## All trig functions in one figure

Here’s a pretty thing that got completely missed in my grammar school mathematics class. We build a geometric diagram in which each trigonometric function corresponds to the length of a line.

Remember the trigonometric functions? You’ll need them to appreciate what I’m going to show you. If you’ve forgotten, here is a review. If you remember trig functions (sine, cosine, tangent, secant, cosecant and cotangent) then skip this section.

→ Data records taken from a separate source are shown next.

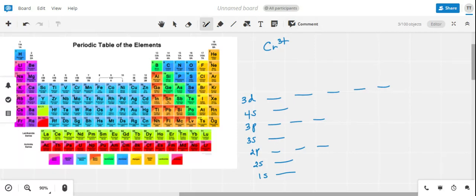Let's take a look at utilizing the periodic table to do some orbital configurations or diagrams for some metal cations. The first example is going to be chromium 3+. As we follow the periodic table and fill electrons properly, the first row fills the first two electrons in the 1s subshell.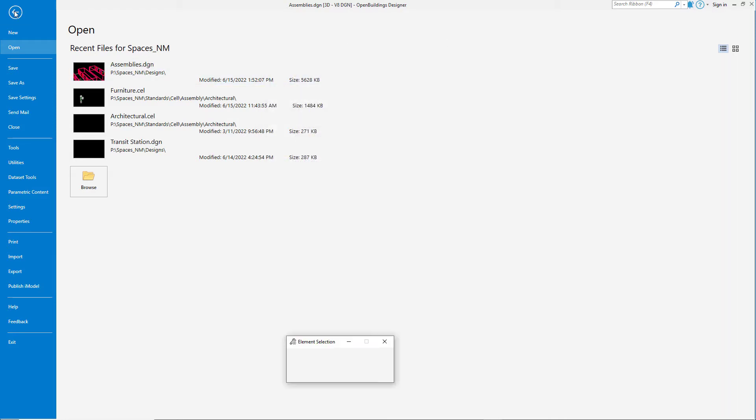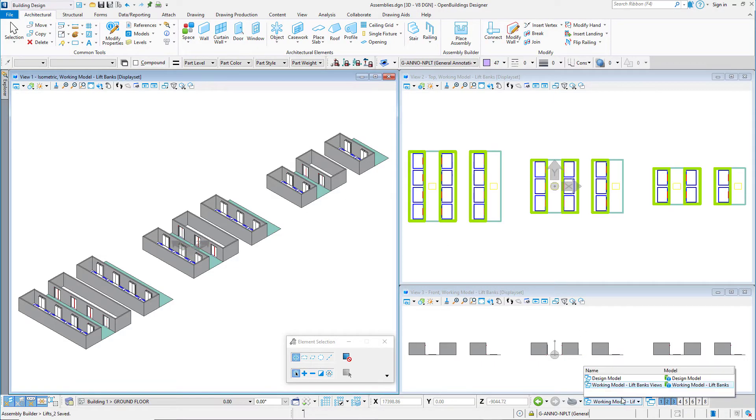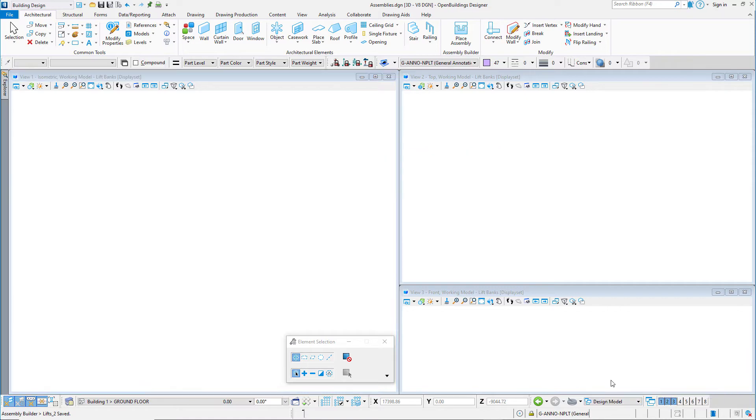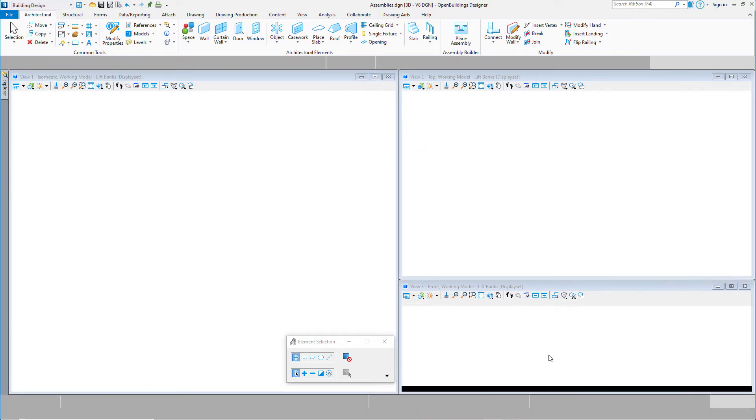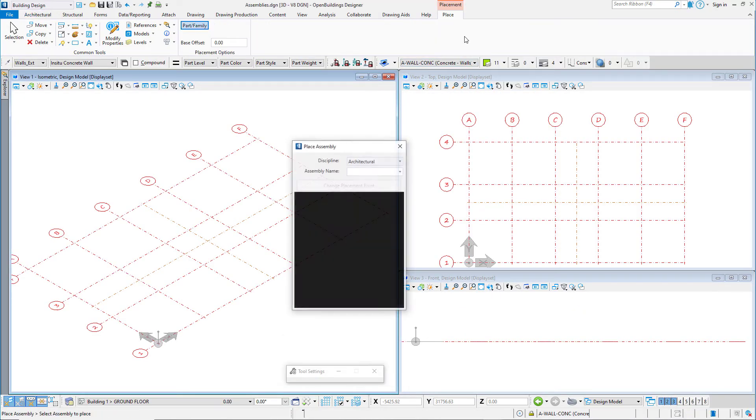Now let's place the assembly. I'll open a new design model. I'll select the Place Assembly tool.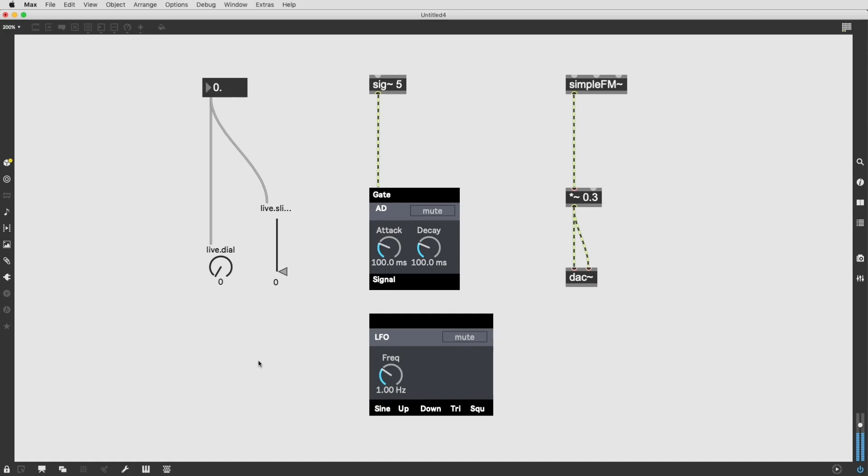Did you know you can easily replace any max object with that of another? Here's how you do it. We call it Paste Replace.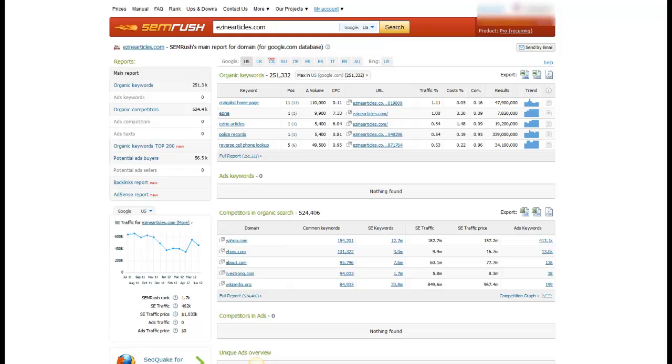The tool that I'm going to be showing you here today is SEMrush and this is a paid tool. You can get some data for free so you can try it out a little bit, but really to get the full benefit, there is a fee attached to that.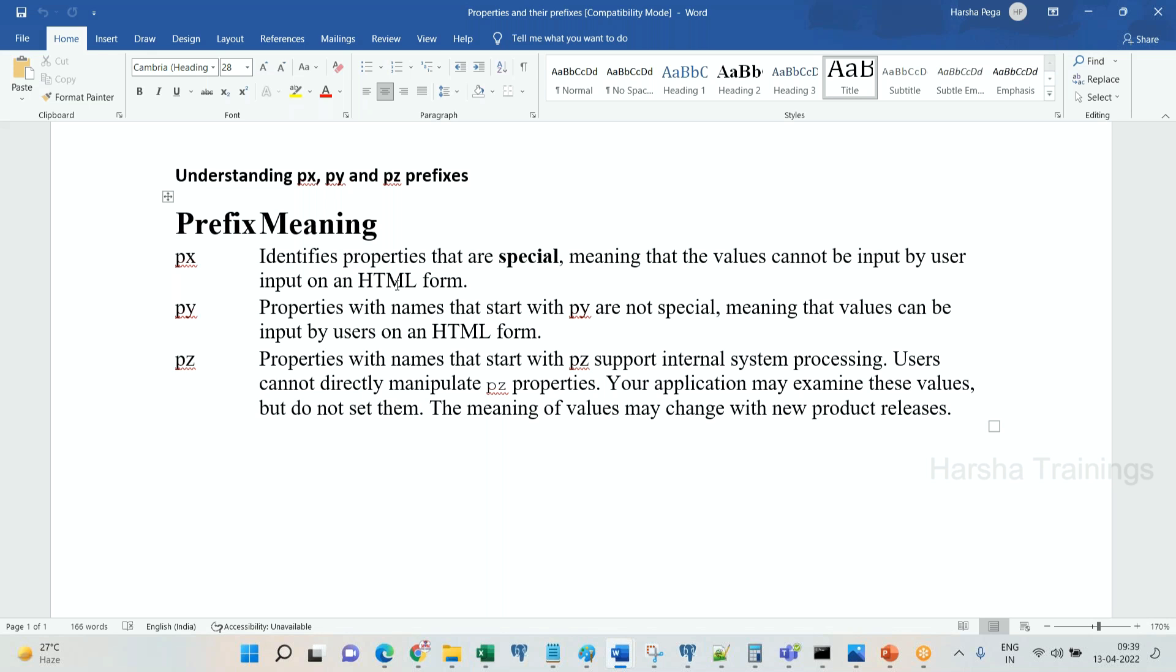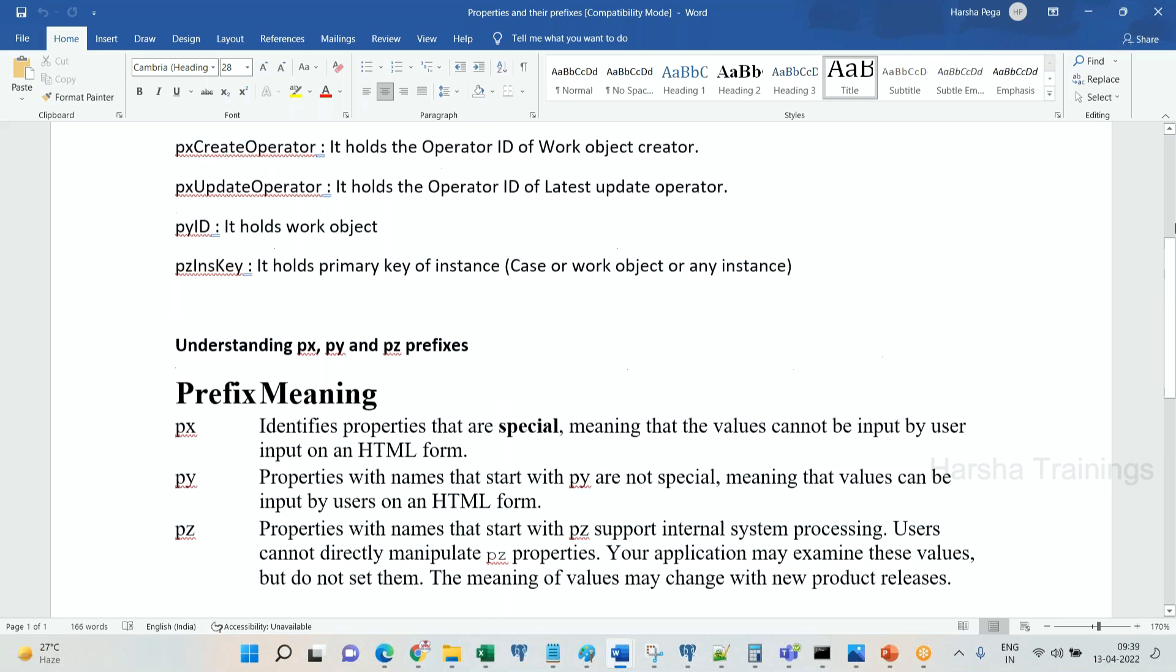And pz property names, properties are for system internal processing. System internal processing. Users cannot manipulate the value of the pz properties for any reason. System will use these properties for internal processing.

### Review of trig functions

Any angle θ (Greek letter ‘theta’) between two straight lines generates six useful numbers: the sine ( abbreviated sin(θ) ), the cosine ( cos (θ) ), the tangent ( tan (θ) ), the secant ( sec (θ) ), the cosecant ( csc (θ) ) and the cotangent ( cot (θ) ).

We can calculate these six numbers by making θ the base angle of a right-angled triangle.

In this diagram, θ is the size of angle BAC. Angle BCA is the right angle.

The three most used trig functions are the sine, cosine and tangent.

$\sin(\theta)=\frac {a} {c}$

$\huge{\cos(\theta)=\frac {b} {c}}$

$\tan(\theta)=\frac {a} {b}$

The other three functions are the reciprocals of the sine, cosine and tangent.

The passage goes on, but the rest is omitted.